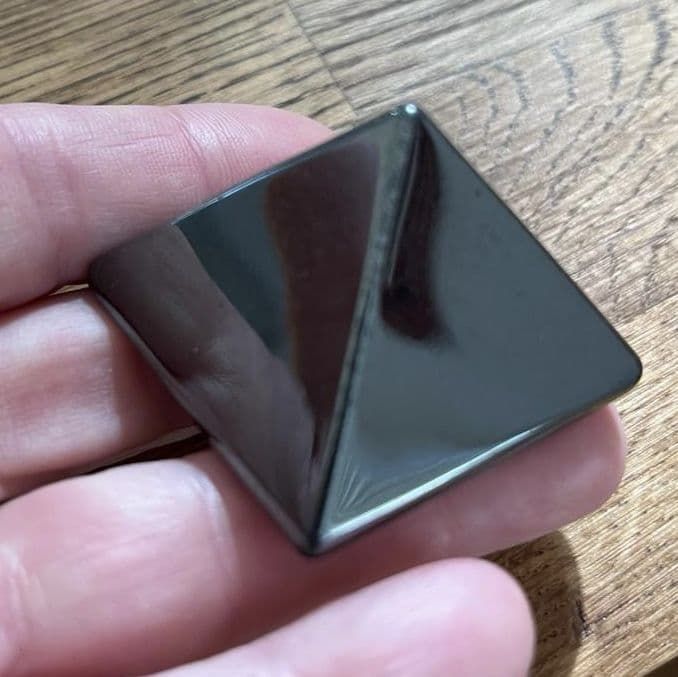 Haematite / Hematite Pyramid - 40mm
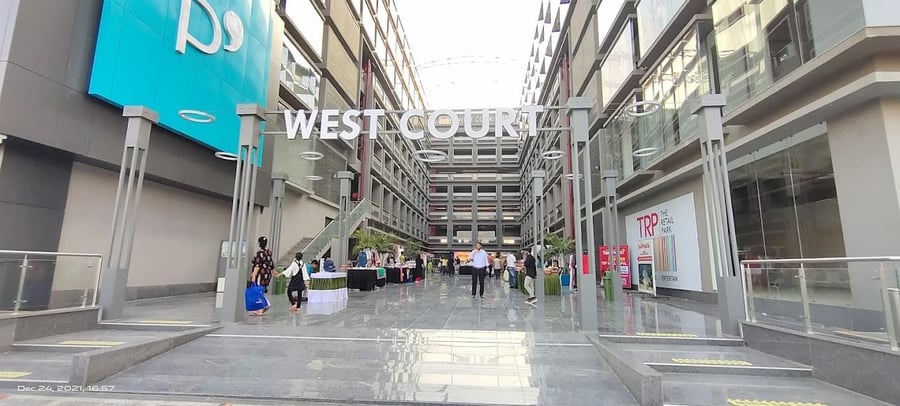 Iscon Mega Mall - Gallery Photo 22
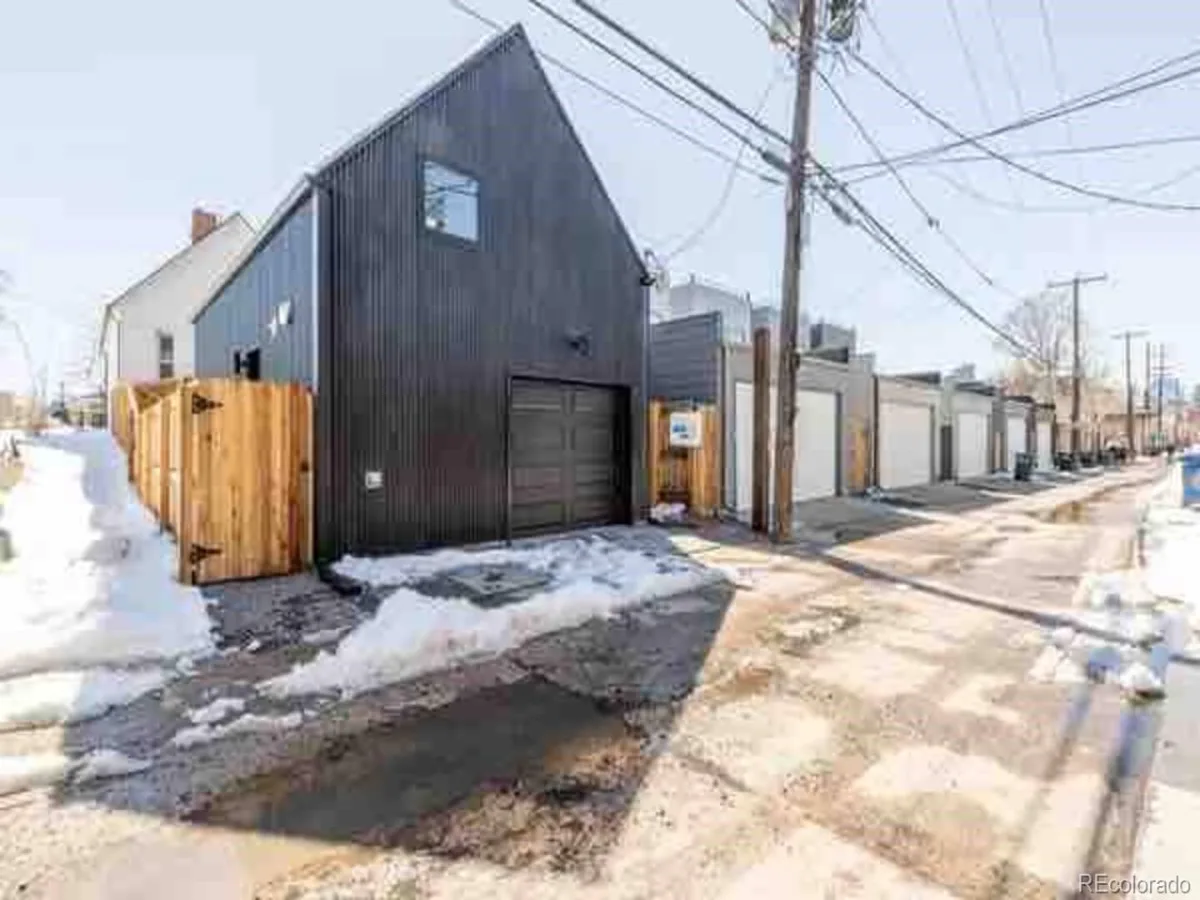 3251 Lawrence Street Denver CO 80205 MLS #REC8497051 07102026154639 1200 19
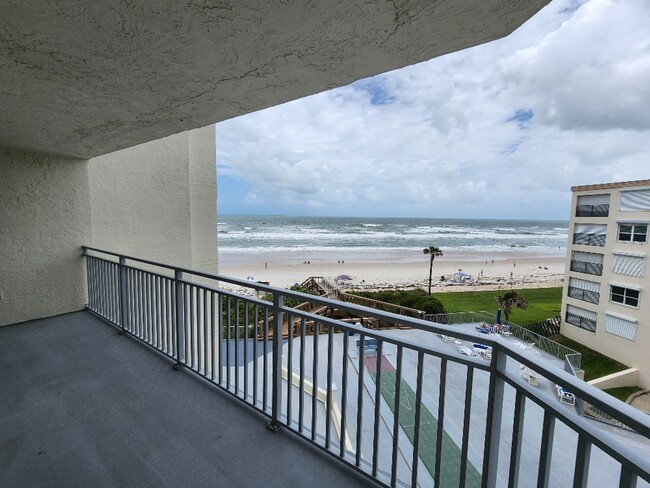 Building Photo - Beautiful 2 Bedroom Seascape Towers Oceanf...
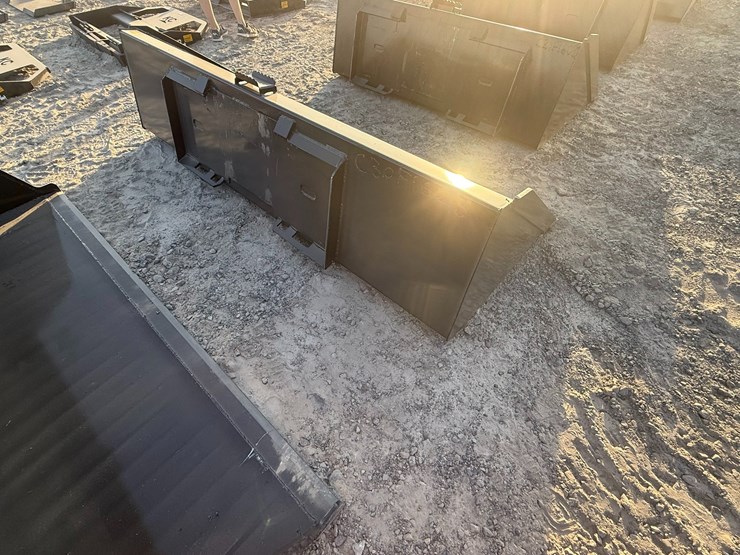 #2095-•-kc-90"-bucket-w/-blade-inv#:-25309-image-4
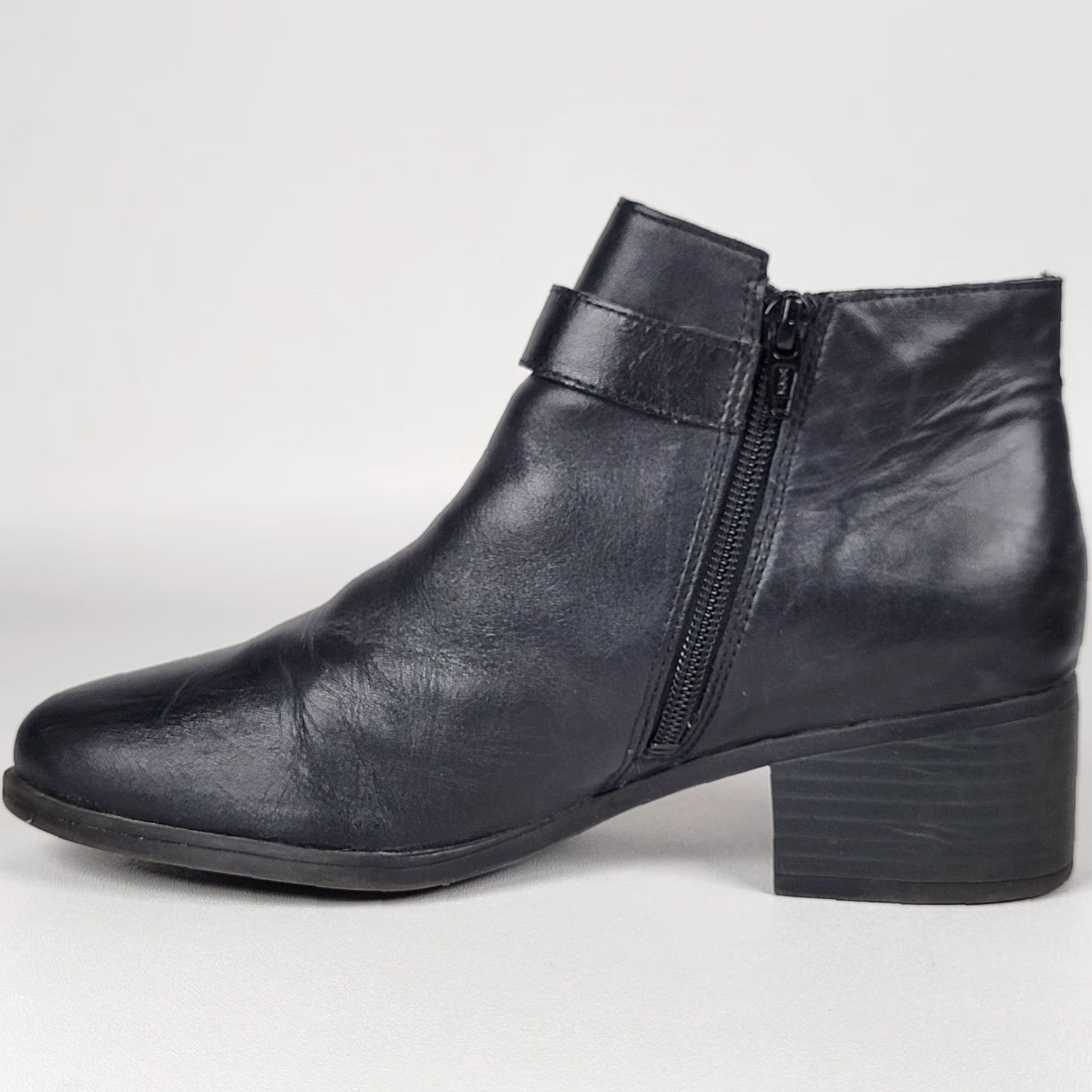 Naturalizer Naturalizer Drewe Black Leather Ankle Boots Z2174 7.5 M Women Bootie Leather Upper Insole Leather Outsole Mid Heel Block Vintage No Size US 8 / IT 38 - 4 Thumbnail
...
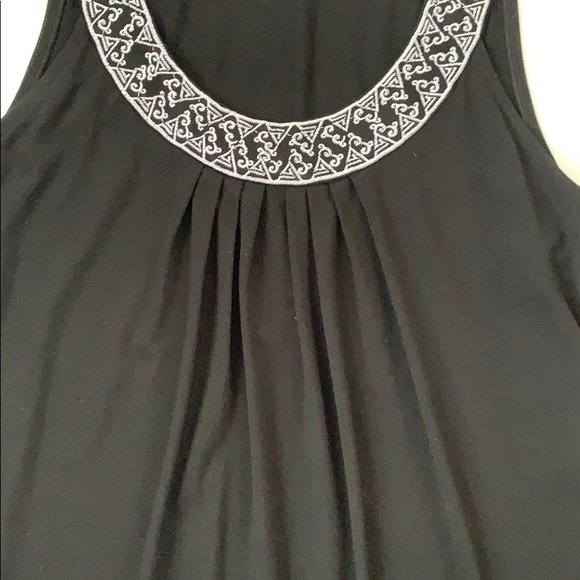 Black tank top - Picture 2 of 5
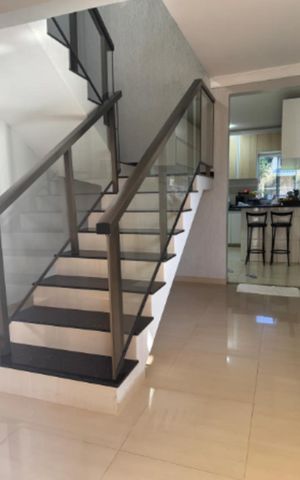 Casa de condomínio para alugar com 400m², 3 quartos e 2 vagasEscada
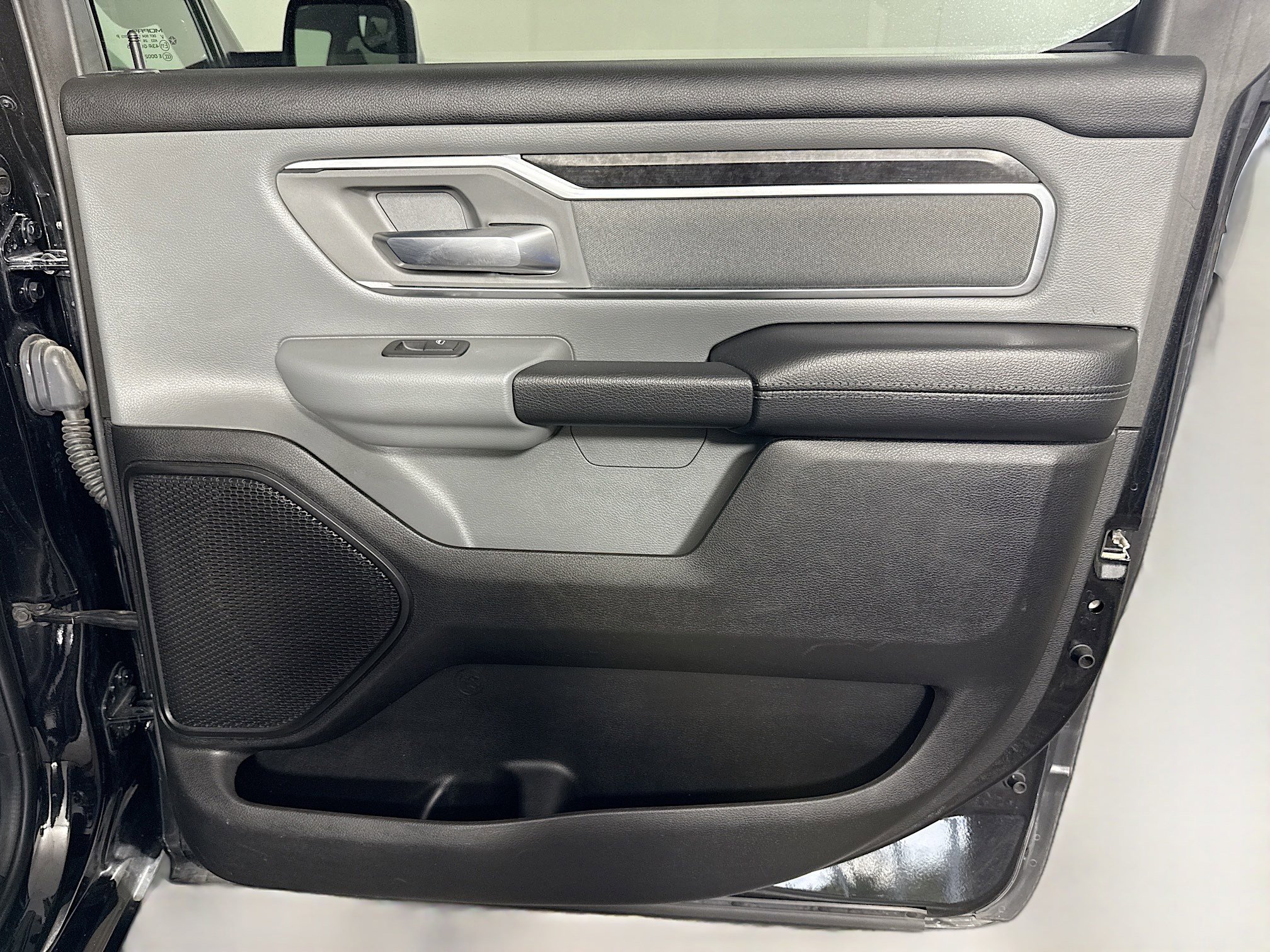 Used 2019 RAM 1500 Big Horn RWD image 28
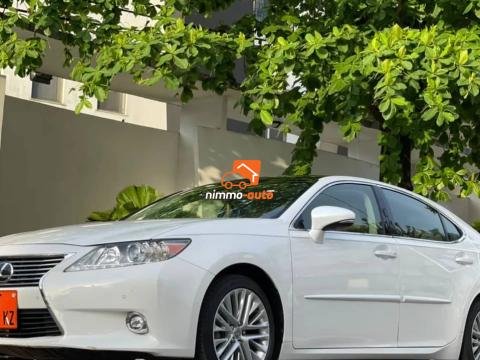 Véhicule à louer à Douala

● **TASK GOAL**
Give back, exactly and without pictures, the stretch of the records above from the line containing "Building Photo - Beautiful" through the line containing "Naturalizer Naturalizer Drewe", with both end lines included.

● **RESULT**
 Building Photo - Beautiful 2 Bedroom Seascape Towers Oceanf...
 #2095-•-kc-90"-bucket-w/-blade-inv#:-25309-image-4
 Naturalizer Naturalizer Drewe Black Leather Ankle Boots Z2174 7.5 M Women Bootie Leather Upper Insole Leather Outsole Mid Heel Block Vintage No Size US 8 / IT 38 - 4 Thumbnail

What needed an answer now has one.